▸ Task directions
Scan the records below for the line with "My colour edits page 4 full" and the line with "나 우울해서 빵 샀어를 이해하게 된 쌉 T | 인스티즈", and retype that range exactly, both ends included, pictures excepted.

▸ Material shown

──────

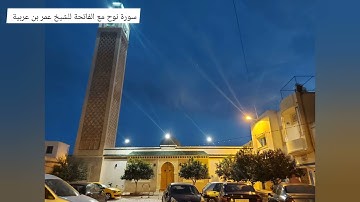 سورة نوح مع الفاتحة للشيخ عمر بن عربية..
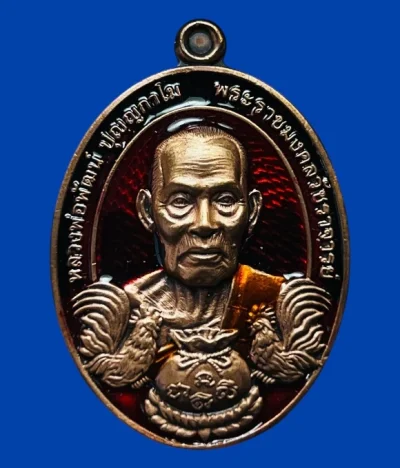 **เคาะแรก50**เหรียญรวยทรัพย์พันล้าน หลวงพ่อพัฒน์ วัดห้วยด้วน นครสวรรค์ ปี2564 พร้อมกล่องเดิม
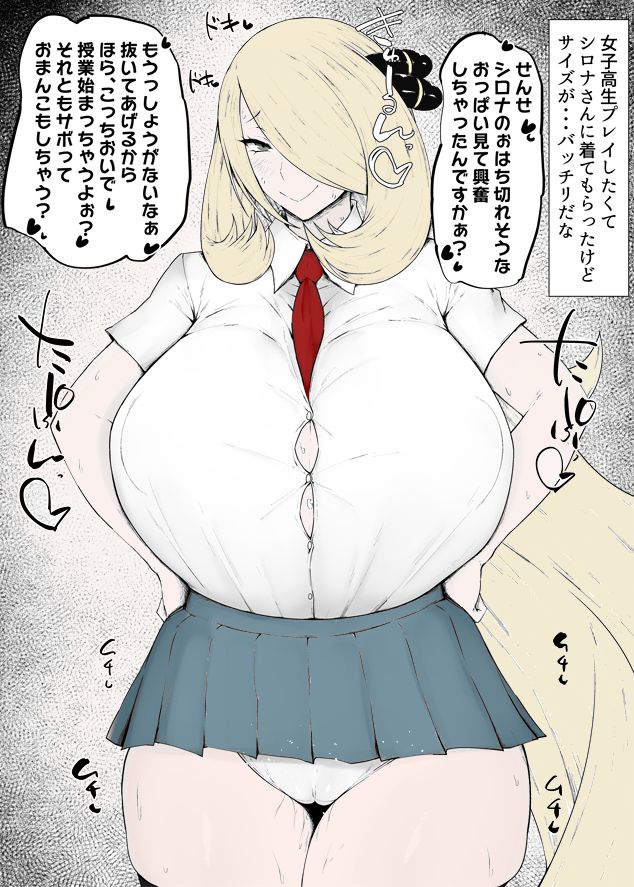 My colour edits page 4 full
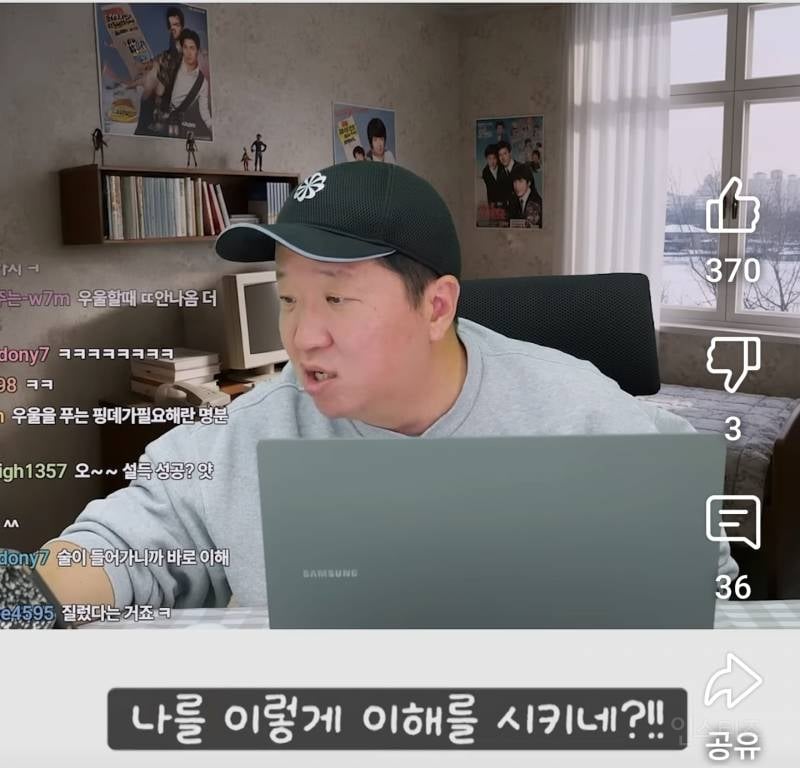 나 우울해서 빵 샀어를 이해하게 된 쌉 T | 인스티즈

──────

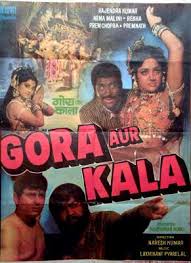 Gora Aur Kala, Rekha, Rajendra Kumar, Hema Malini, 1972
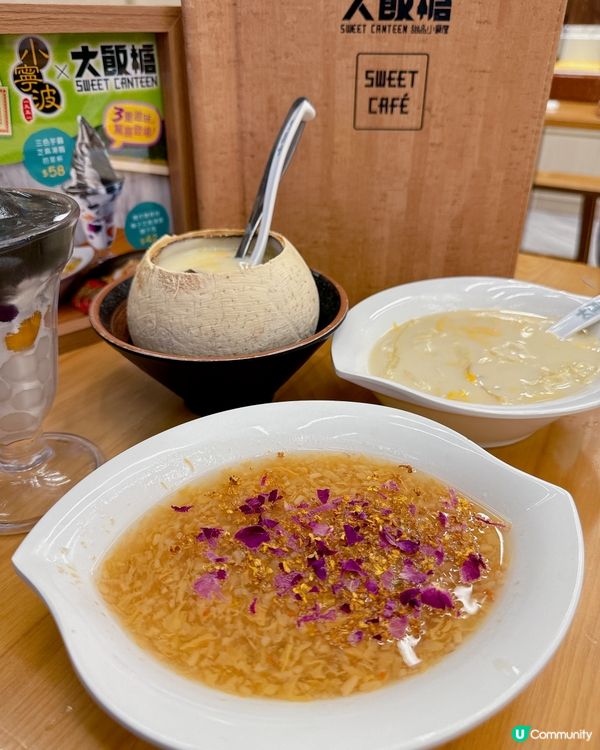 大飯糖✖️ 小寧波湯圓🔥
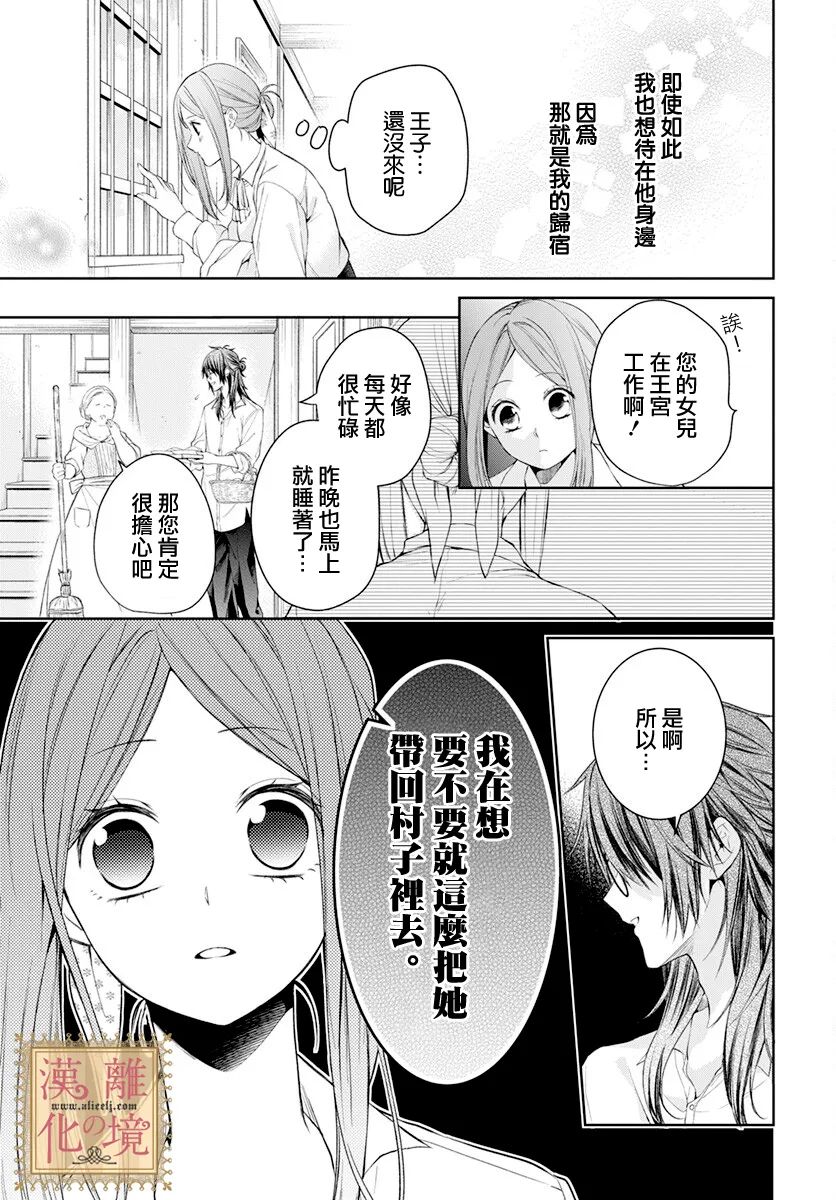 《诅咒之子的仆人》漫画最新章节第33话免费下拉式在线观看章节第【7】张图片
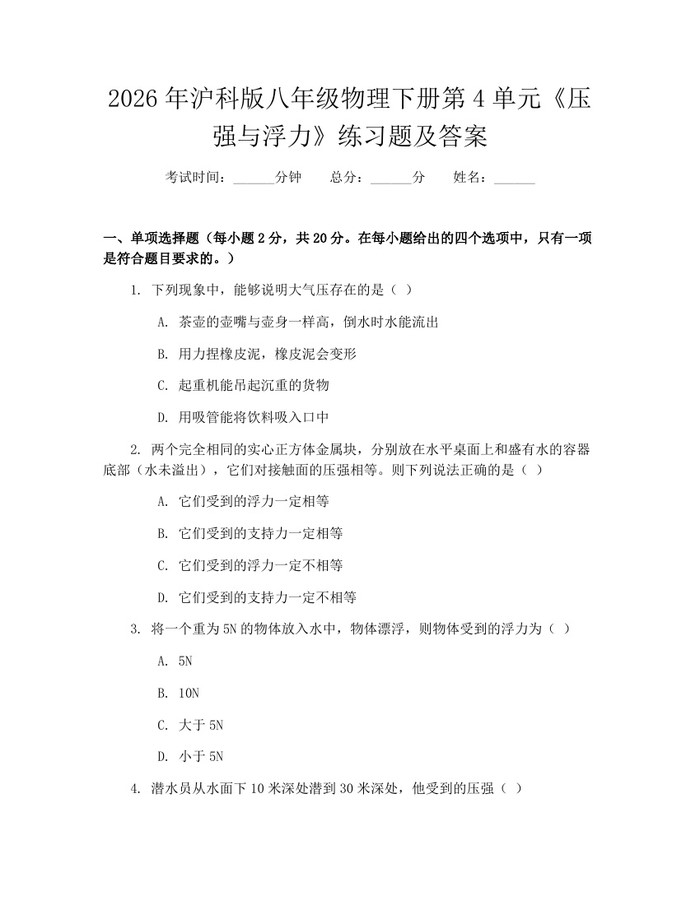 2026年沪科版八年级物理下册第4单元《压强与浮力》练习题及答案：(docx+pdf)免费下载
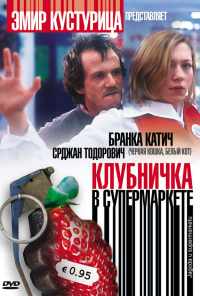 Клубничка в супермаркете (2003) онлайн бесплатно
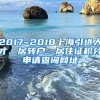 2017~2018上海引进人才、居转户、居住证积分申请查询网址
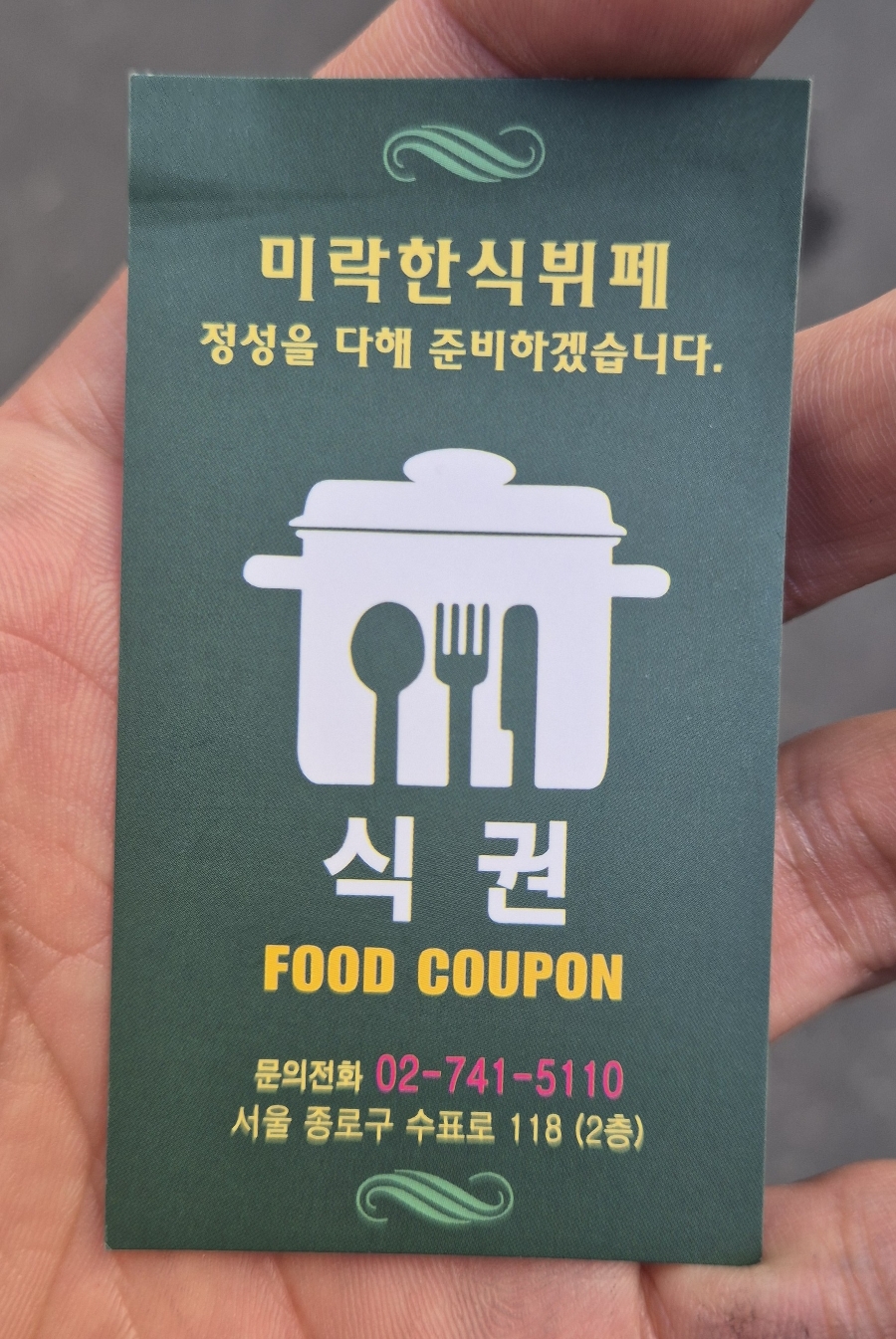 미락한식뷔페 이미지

──────

▸ Output of the exercise
 My colour edits page 4 full
 나 우울해서 빵 샀어를 이해하게 된 쌉 T | 인스티즈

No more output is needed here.